Altair 4, March 1st, 2014

Hot on the heels of 'Dystopia' (2011), Iced Earth's new album 'Plagues of Babylon' (2014) acts as a sufficient followup, but falls back onto time-worn formulas, stock riffs, and uncreative lyrics. There's enough solid song writing to make listening to the album bearable, but the lack of memorable passages and hooks makes this album a bit tedious to listen to from beginning to end. Many of the songs in here hark back to the days of 'The Dark Saga', as a number of the songs have the same eerie sound with their intros ("Democide", "The End?", and "Cthulu" come to mind first).

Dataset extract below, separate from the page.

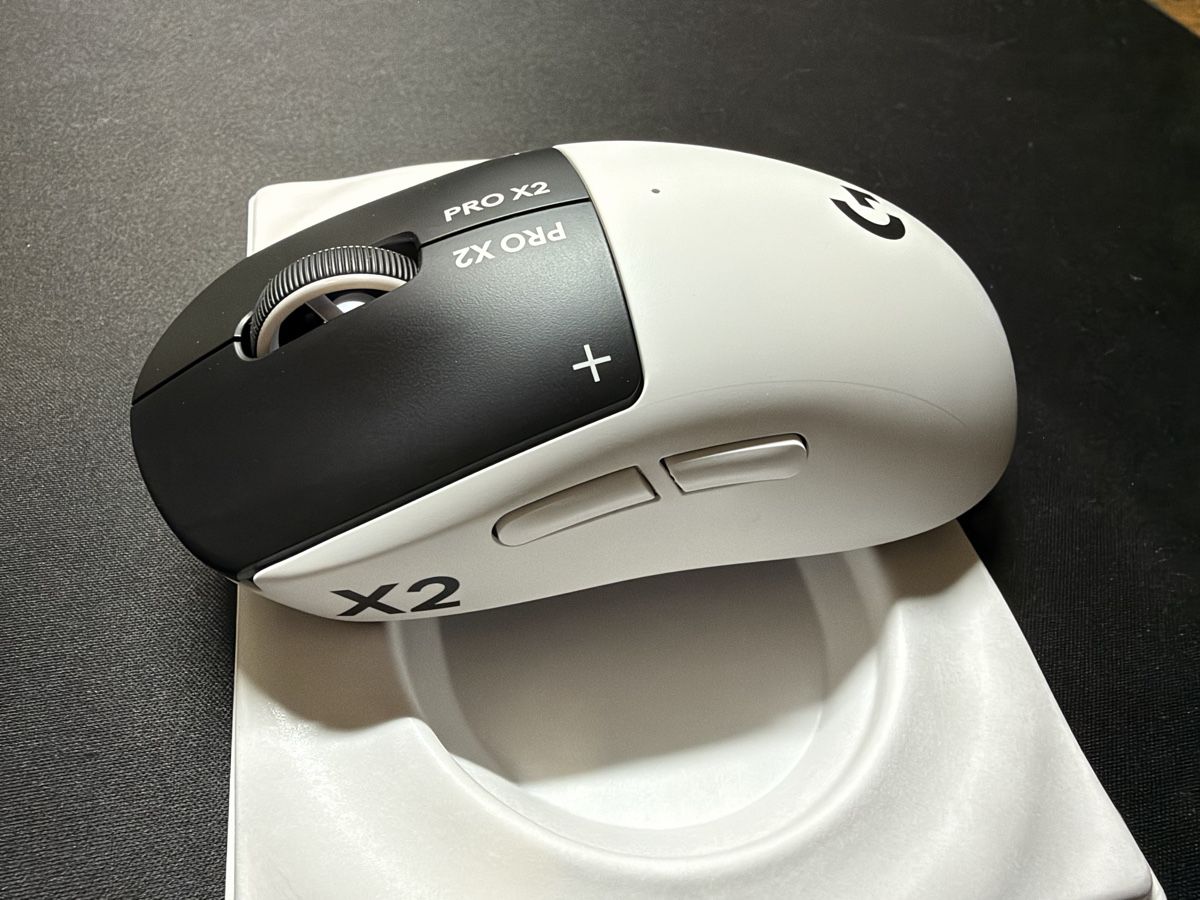 Logitech Maus: Logitech | PRO X2 SUPERSTRIKE – Neu (gemäss Beschreibung) aus Oensingen von sto_j68p 3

The album starts out well enough, the title track pounds and throbs away consistently. It doesn't necessarily stand out on its own, but they certainly succeeded in creating a creepy, malevolent aura. Songs such as "The Culling" and "Parasite" feature guitar work which is impressive and memorable, but soon becomes bogged down and forgettable by everything else in the song that is lackluster. "Cthulu" has the most unique chorus on the album (in context of this album, anyways) with a sort of Iron Maiden feel. "Peacemaker" is another highlight, whilst nothing different regarding Jon Schaffer, in Iced Earth a song with such a western flavor is a welcome deviation from the painstaking norm.

This brings me to some of the more negative points about this album. "Among the Living Dead" features Hansi Kursch on "lead vocals" (bullshit) and "backing vocals" on a number of other songs (I've listened multiple times on different headphones and speakers and can't identify him for the life of me). I have no idea why Schaffer and crew decided to bring in a world class vocalist like Mr. Kursch and not give him any lead vocals. The "lead vocals" he does on "Among the Living Dead" is a brief melodic shrieking which repeats twice in the song. An almost offensive waste of talent, Demons & Wizards fans lament!

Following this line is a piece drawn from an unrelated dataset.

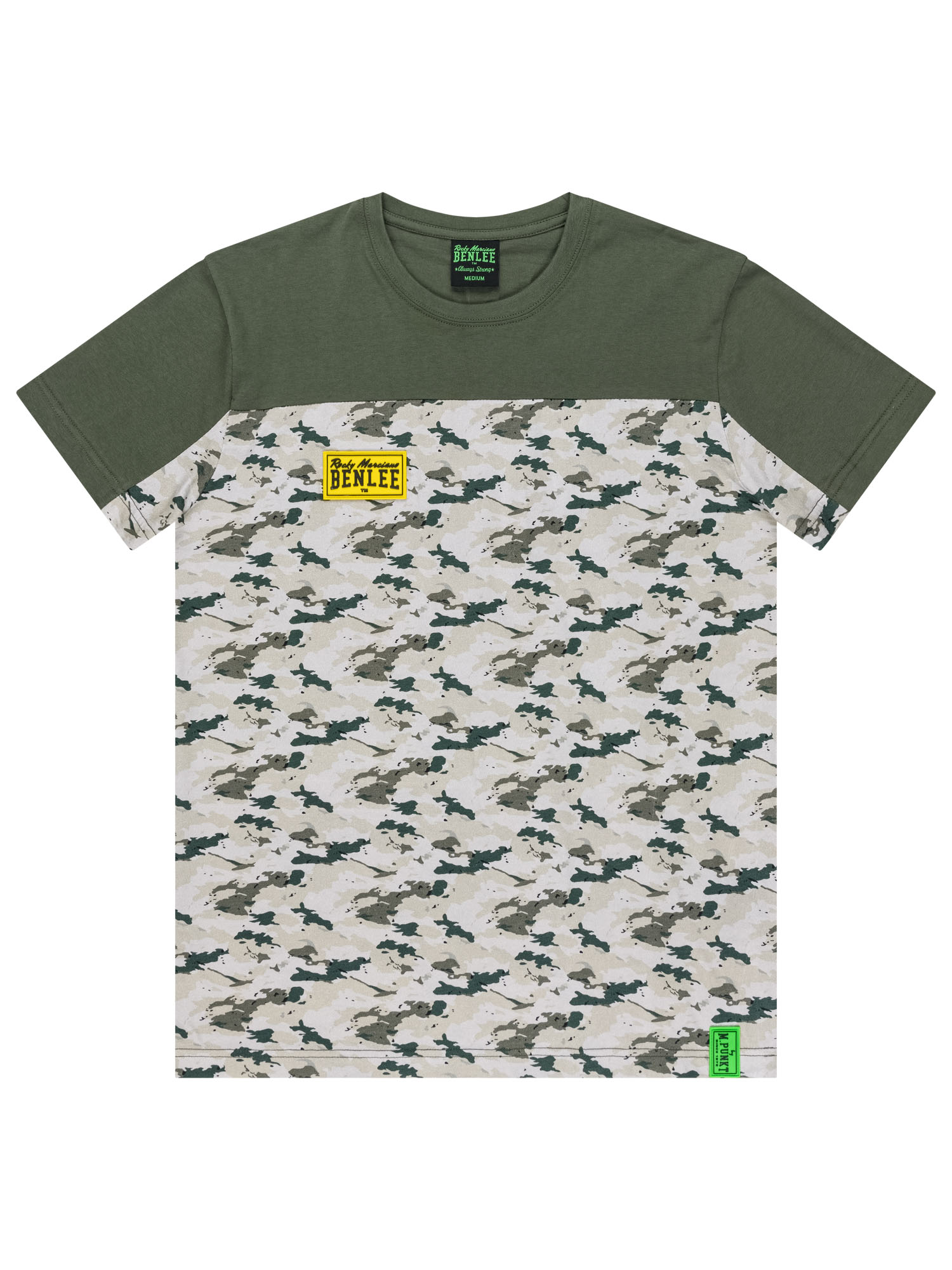 mpunkt tee 04 camo desert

On "Among the Living Dead", among others, Stu Block's vocals seem tired and a bit sloppy. If this is not the case then I guess his vocals on this album are simply just annoying. I don't like to talk smack on vocalists, especially since I know Stu can belt like a banshee (as demonstrated on 'Dystopia'), so I don't know why his vocals took a step down on this release. My speculation is that Iced Earth recorded this album after a long-ass world tour with little to no breathing room between.

Choruses on this album seem to be fairly similar in chord progressions and contribute greatly to the dejavu felt multiple times throughout. The amateurish and uncreative lyrics definitely don't do any favors for them, either. The prime offender in the lyrics category is easily "If I Could See You Now", how many times have Iced Earth written a ballad like this? Both lyrically and musically this song is a simple retread of the same ballad they've written time and time again.

A band can maintain their trademark sound but still evolve. Iced Earth has touched on this a couple of times with releases like 'Horror Show' and 'The Glorious Burden', but constantly fall back onto these uninspired, formulaic albums. It's like seeing a son with so much potential decide to work at a gas station in stead of becoming a pilot. Somehow I can't shake the feeling that this album was rushed out in an effort to preserve the momentum gained from 'Dystopia' (a superior album, to be sure). It's a shame when the album artwork is more memorable than any of the songs on the album itself.

There's enough on here that's good and rocks, but it's overwhelmed by forgettable material.